What happens when you need to take a dump, but you’re in a spacesuit? This is a genuine conundrum that has baffled the world’s sharpest minds for decades, and NASA decided to ask the general public for help in one of the strangest competitions ever run.

Now, after a long quest to find the perfect way to poop in space, they think they’ve found an answer. According to crowdsourcing site HeroX, this takes the form of a groin airlock.

We know what you’re thinking. When we brought this up during our editorial meeting, it garnered some rather pained expressions and deeply skeptical frowns. Of all the places to have a sudden and violent decompression event, the area around your nether-regions is arguably one of the most unwarranted.

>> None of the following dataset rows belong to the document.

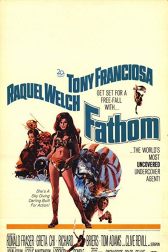 دانلود فیلم Fathom 1967
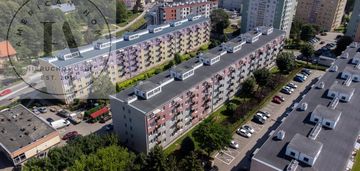 Przyjazne miejsce do zamieszkania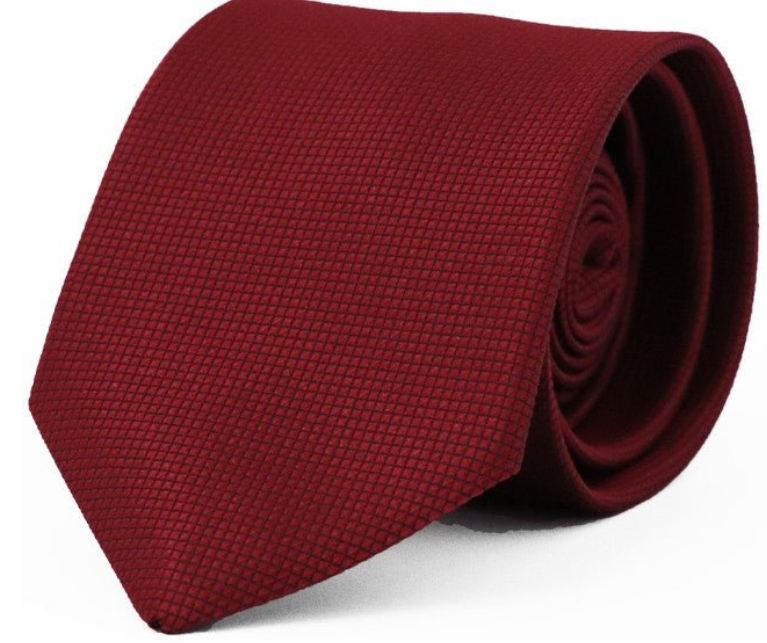 Fellini Classic Jacquard Tie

Let’s rewind a little and look at the competition’s objectives. Even just the introduction to the epic extraterrestrial mission to find the perfect waste disposal unit among the stars is worth reading in full.

“In space, no one can hear you flush. That's because in space, there are no toilets,” it begins. So far, so good. 

“While you may go about your life mostly unaffected by this, it is more of a challenge for our brave astronauts, dwelling in their space suits,” it notes, pointing out that “when you gotta go, you gotta go. And sometimes you gotta go in a total vacuum.”

The Space Poop Competition. HeroX/NASA

This certainly paints an extraordinary picture of an underrated difficulty of space travel. Right now, astronauts in need of some bottom-based relief have to resort to using diapers, but this is a very low-tech and ephemeral solution that could spread unwelcome antimicrobial nasties around their spacesuit or spacecraft.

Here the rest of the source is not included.